Annotations

A major challenge of the sunflower genome project has been dealing with the large and repetitive nature of the genome. Below is a description of our custom annotation procedures and the results. You may skip to the results or download sections using the menu to the left.

Annotation procedures

The annotation procedures listed below were developed at UBC and INRA. The methodology and results on this page are for the HA412-HO genome.

Transposon Annotation

Given the complexity of the sunflower genome, the task of repeat annotation has been a major challenge in terms of not only the complex biology but also the computational time involved, which has required the a great deal of engineering to develop a system that scales with multi-gigabyte genomes. We put a significant effort towards developing a custom transposable element (TE) annotation approach that is both accurate and efficient, and this is implemented in the program Tephra which is now open source. This approach brings together many published tools and best practices to generate a set of TEs based on structural predictions and protein model support. We have also implemented programs to interfer patterns of demography and age, diversity, and DNA removal. A publication of this software is forthcoming so we will link to a broader discussion of the methods when that is published. For now, please refer to the project website for the software or the Downloads section for the transposon annotations.

Gene Annotation

The first step in our gene annotation process is to generate a masked genome with the transposons generated from the above steps using RepeatMasker with default settings. Gene models were produced by training several ab initio model-based gene prediction programs and incorporating these models, along with additional evidence, with MAKER-P to produce a single set of models.

Initial steps - gene predictions

The first set of predictions were generated by the program EuGene and this work has been driven by collaborator Jerome Gouzy’s group at INRA Toulouse. EuGene integrates a wide range of evidence types (protein similarity and evidence of transcription), as well as different sources of predictions such as alternative gene splicing site predictors, start predictors, gene predictors and so forth. The sunflower EuGene pathway is shown in Figure 1.


Figure 1. Sunflower Eugene Pipeline (courtesy of Sebastien Carrere)

Results from the annotation of the bronze assembly indicate that the gene space of sunflower is well-covered: 94.33 % of HA412-HO ESTs are correctly mapped and 90,935 protein coding genes are predicted, excluding transposable elements. Of these, 59,817 are supported by Full Length Best Hits (spanning 60% of the length of theA. thaliana | SwissProt | Unitprot_plant protein) or have EST/RNAseq assembly support. A subset of 39,050 predicted proteins have EST support over 80% of the mRNA, and13,568 gene models correspond to full lengthA. thaliana proteins.

Our sunflower genome database displays the reference genome sequence, annotation, and links to the genetic and physical maps. The primary entry point to the genome data is a genome browser (JBrowse), which displays the raw genome sequence along with various data tracks. These tracks include aligned and annotated transcripts, the scaffolds from which the assembly was derived, as well as SNP and expression data. The transcripts are cross-linked to the closest similar gene in external databases. The scaffolds are cross-linked to their position on the genetic map. The genetic map data are displayed in cMap, which in turn are linked to the corresponding physical genome region in JBrowse.

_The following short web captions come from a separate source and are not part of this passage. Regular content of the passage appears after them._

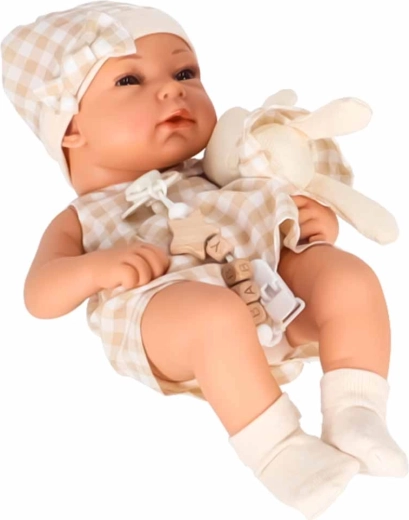 Muñeca bebé realista con accesorios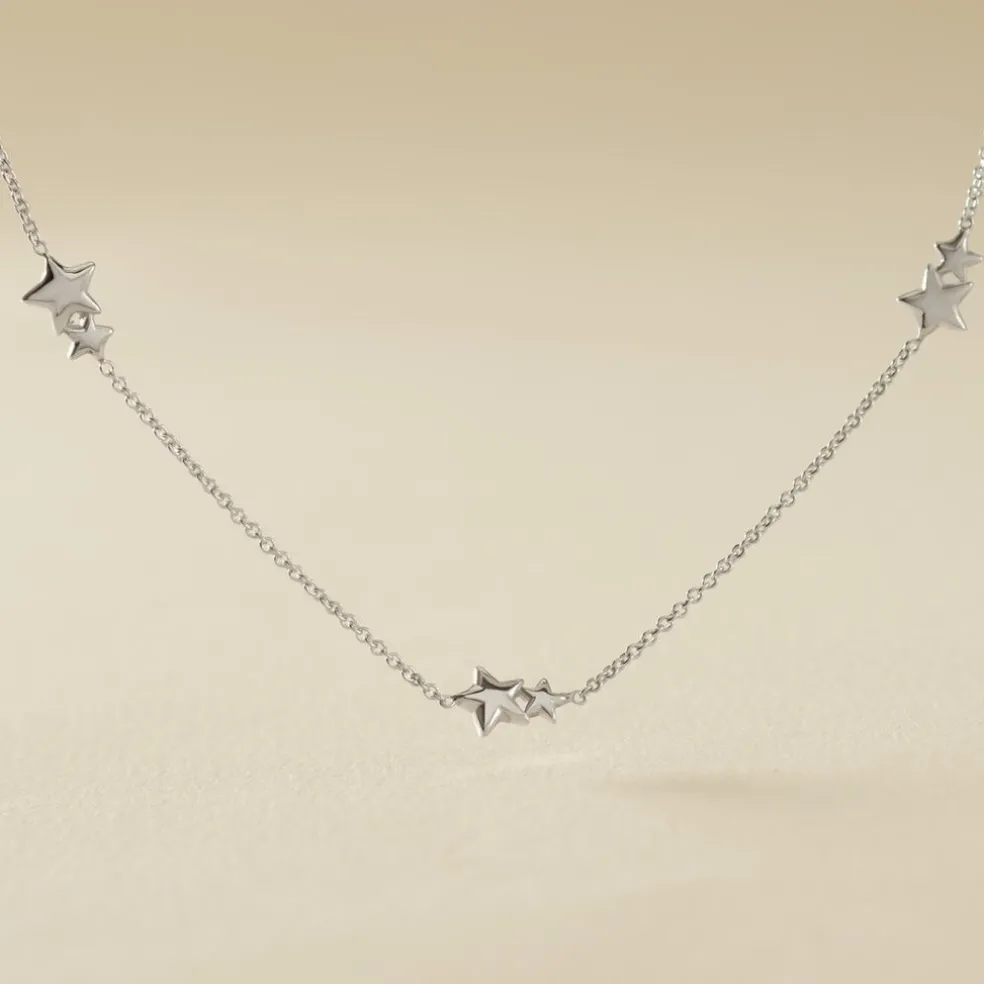 Collier Argent Blanc Astria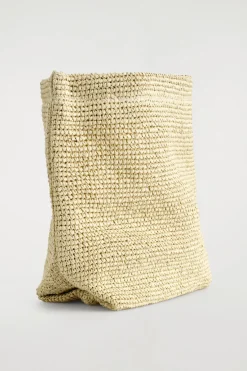 CLUTCH MIT UMSCHLAG - STROH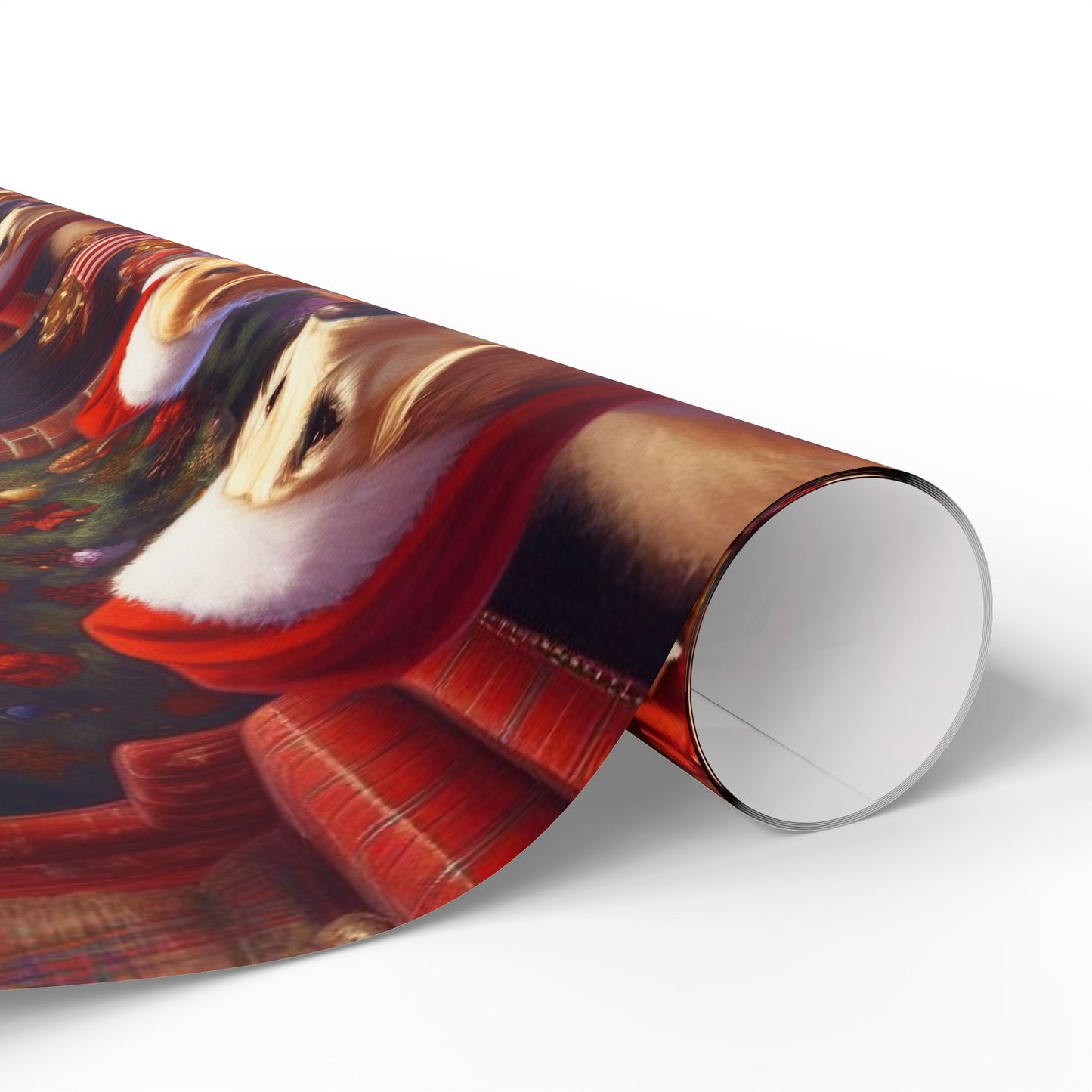 Golden Retriever Christmas Wrapping Paper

The genome browser also supports searching based on physical regions, or known names of scaffolds or transcripts. We also offer a local BLAST search against the genome assembly, with search hits being linked to the corresponding genome regions in the genome browser.

The second set of gene predictions we incorporated were derived from AUGUSTUS. Evidence-based hints for AUGUSTUS were produced with Scipio, which uses BLAT internally to align proteins (in our case, all non-hypothetical proteins in plant RefSeq) to the genome to infer splice sites.

The third step in our pipeline (depicted below) involves running MAKER-P with a set of proteins (again, plant RefSeq) and an assembled transcriptome to generate an initial set of gene predictions based on these alignments alone. These initial predictions from MAKER-P were used to train the gene prediction program SNAP.

Assimilating predictions - production of gene models

The fourth step is to run MAKER-P again with the following evidence:

  • Transcriptome and protein alignments from step three above
  • Gene predictions from EuGene
  • Gene predictions from AUGUSTUS
  • Gene predictions from SNAP

An important difference in step four is that we tell MAKER to not build gene models from alignment evidence alone. With the evidence from step four we re-train SNAP.

The final prediction step in our annotation pipeline is aimed at incorporating lowly-expressed and alternatively spliced genes. To that end, we generated assembled transcripts with StringTie from 10 tissue-specific transcriptome libraries.

Final step - re-training models

In the final modeling phase we incorporated the following evidence:

  • Transcriptome and protein alignments from step three above
  • Gene predictions from EuGene
  • Gene predictions from AUGUSTUS
  • Gene predictions from the second round of training SNAP
  • Transcript assemblies from StringTie

The gene models are available in a variety of formats (e.g., GFF3, GTF, FASTA) along with a plain text file with descriptive statistics about the models in the downloads section. On that page you can also find functional annotations of the genes, which are incorporated as attributes of the features in the GFF3 and GTF files.